▸ Assignment:
Starting at the line with "Bright yellow marigold", retype every remaining line of the records exactly. Do not include pictures.

▸ Data provided:
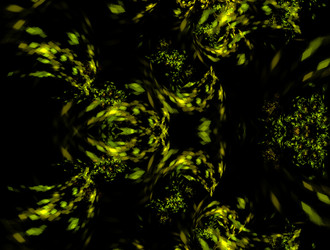 Similar image 21839776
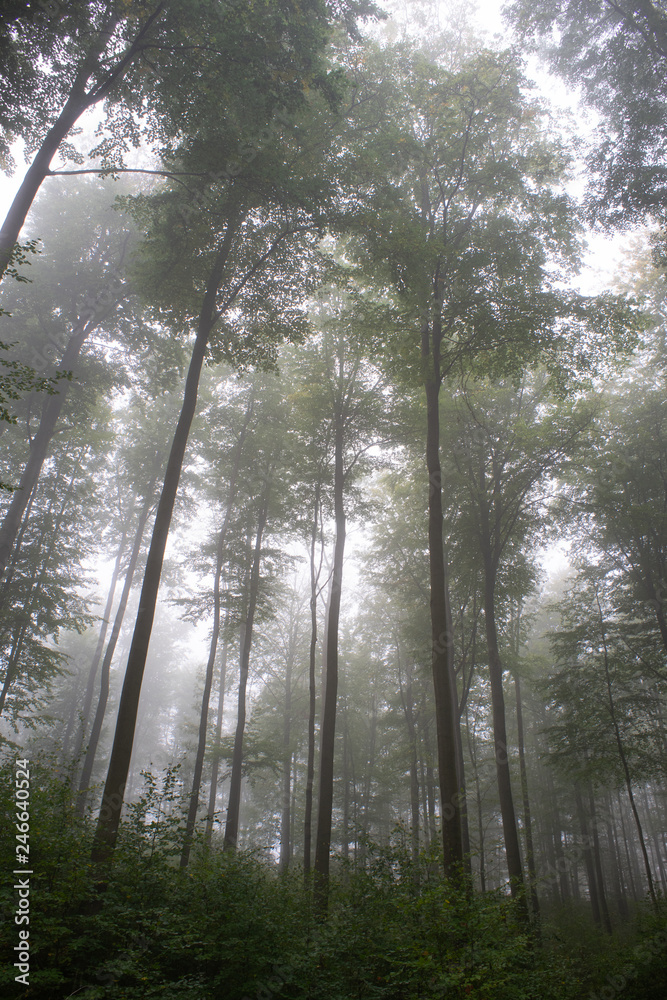 Obraz premium Bäume im Nebel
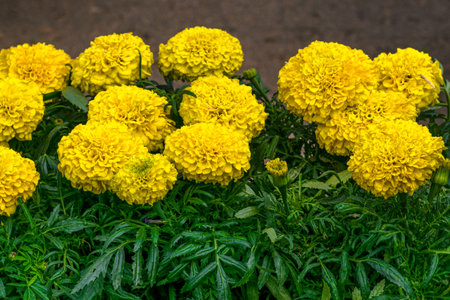Bright yellow marigold flowers on a flowerbed. Decoration for the cityの写真素材
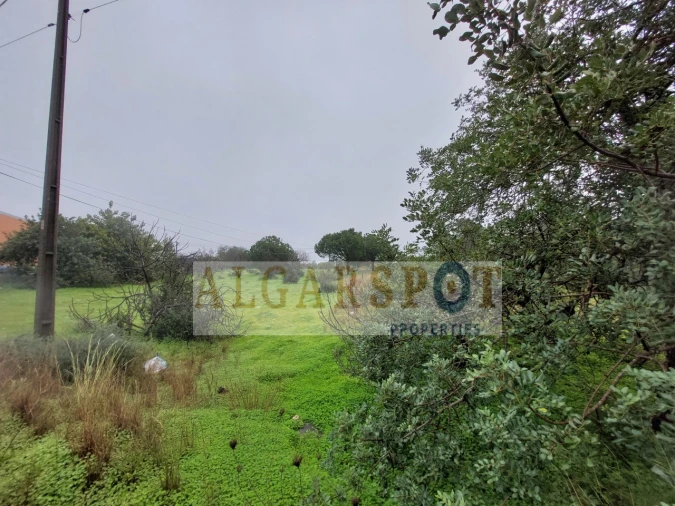 Terreno para Venda em Loule (São Sebastião) Foto 6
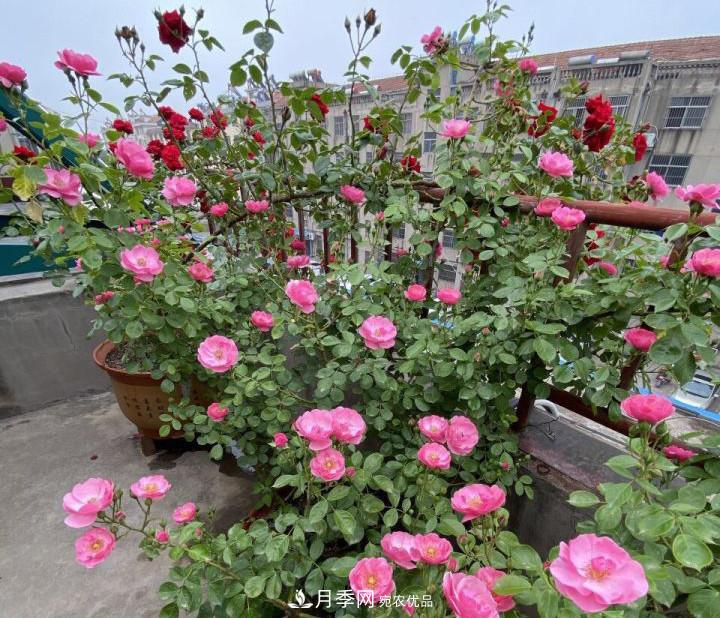 如何讓月季新芽多？4招“促芽”方法，秋天再來一大波(圖4)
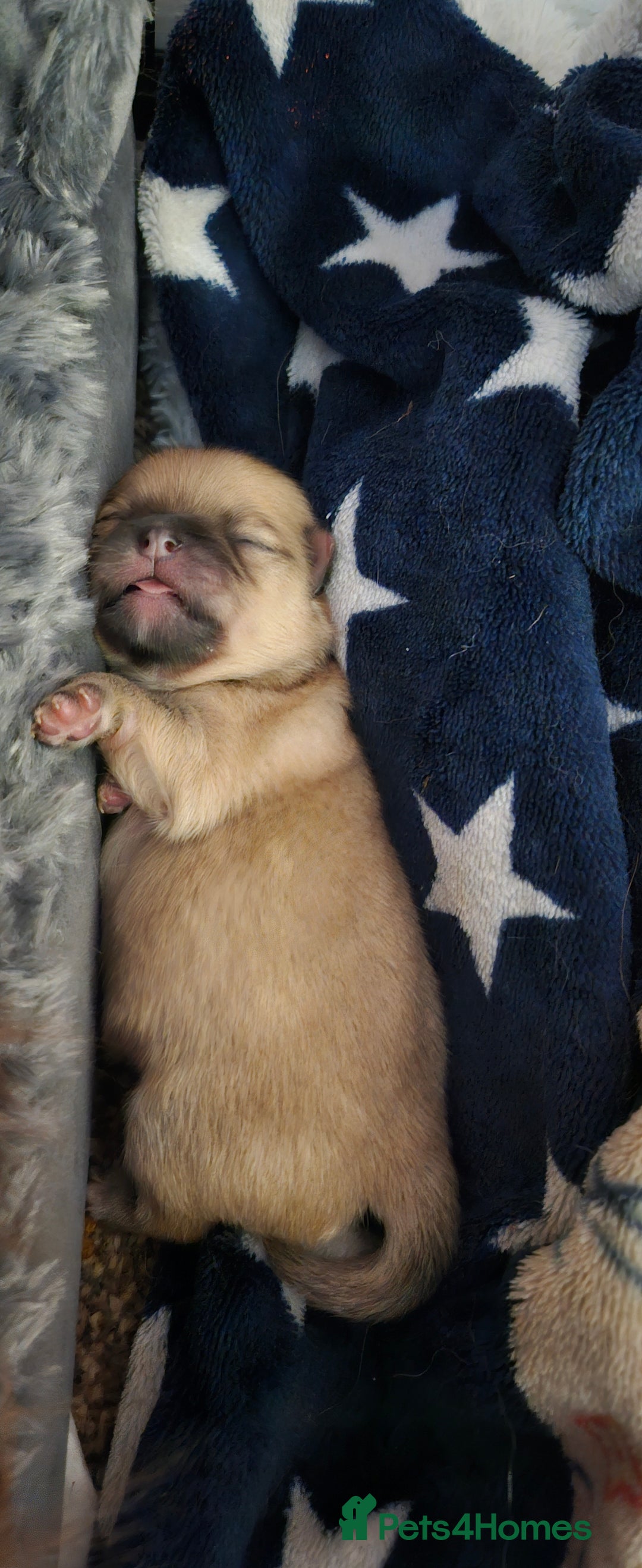 Pomeranian dogs for sale: 4 outstanding quality bear pomeranian puppies - Advert 4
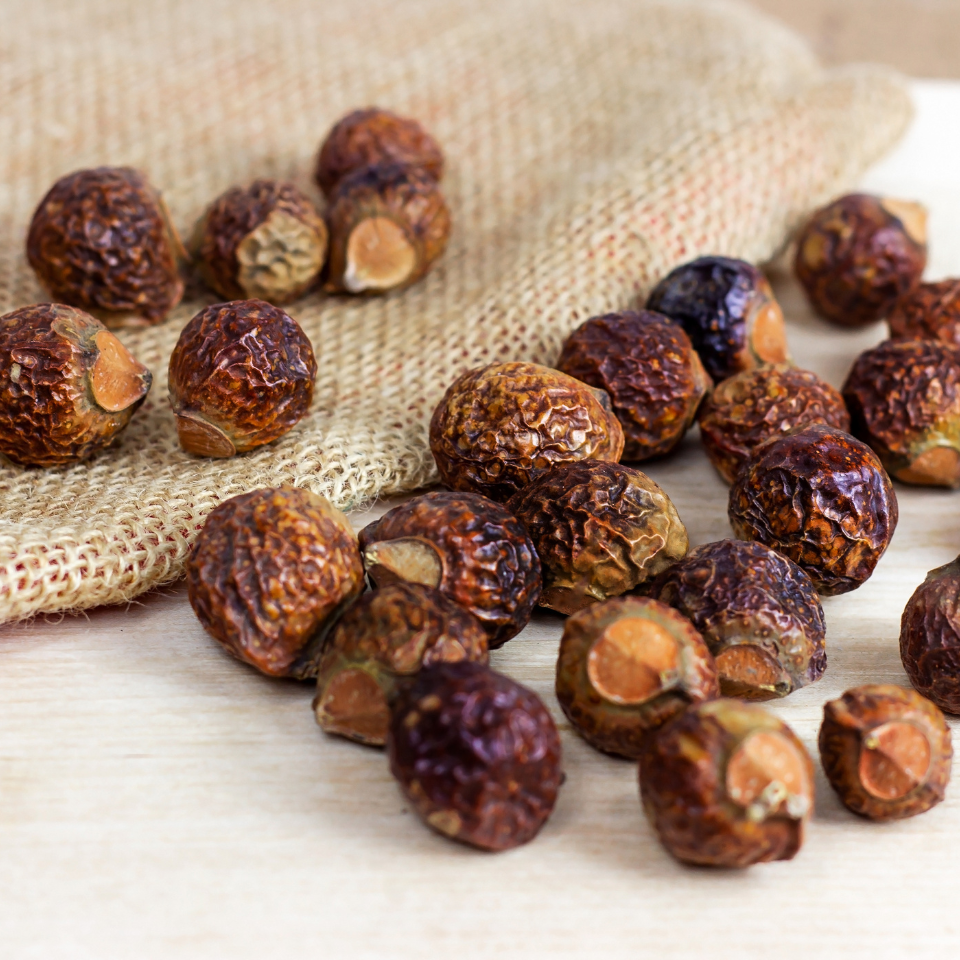 Soap Nut Seeds — 5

▸ Response box:
Bright yellow marigold flowers on a flowerbed. Decoration for the cityの写真素材
 Terreno para Venda em Loule (São Sebastião) Foto 6
 如何讓月季新芽多？4招“促芽”方法，秋天再來一大波(圖4)
 Pomeranian dogs for sale: 4 outstanding quality bear pomeranian puppies - Advert 4
 Soap Nut Seeds — 5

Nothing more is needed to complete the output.